** Opening RAW DATA block **

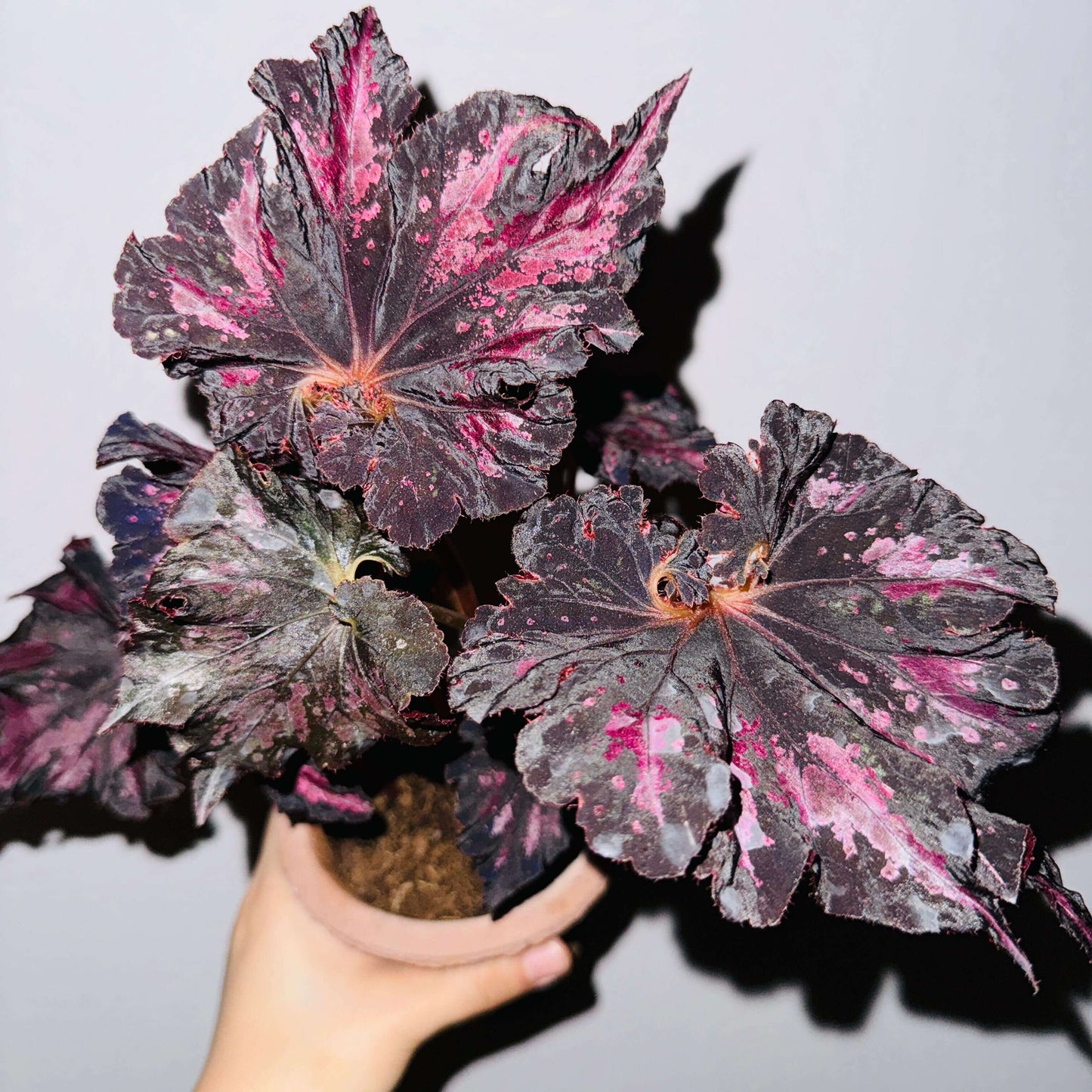 Begonia 'Thundercloud' is a striking hybrid begonia from Japan, known for its dramatic, dark leaves with stunning purple-pink markings. These unique leaves exhibit a striking metallic sheen when exposed to light, creating a dazzling, lightning-like reflection. The leaves are irregularly polygonal in shape, resembling the jagged edges of a maple leaf, with the center of the leaf spiraling in a pattern reminiscent of a snail shell.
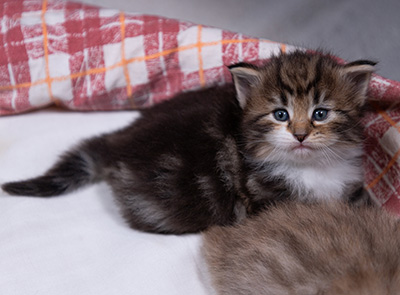 Angelika - 3 weeks old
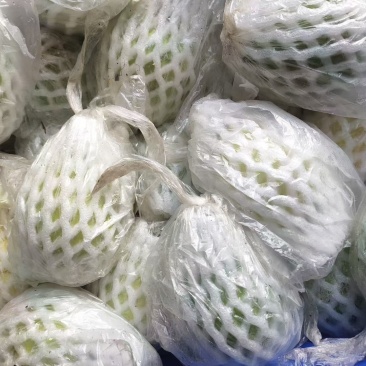 **脆，**好吃，**甜番石榴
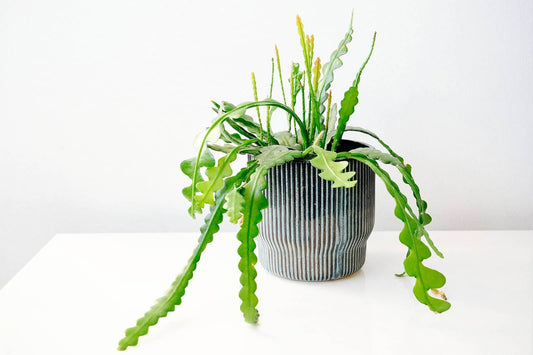 The Almost Unkillables: Your Key to Effortless Houseplant Parenting - Oh Shoot! Plants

** Closing RAW DATA block **

Nothing but the lines from the one containing "Angelika - 3 weeks old" through the end of the listing should be written out, each exactly, and pictures must be left out.

 Angelika - 3 weeks old
 **脆，**好吃，**甜番石榴
 The Almost Unkillables: Your Key to Effortless Houseplant Parenting - Oh Shoot! Plants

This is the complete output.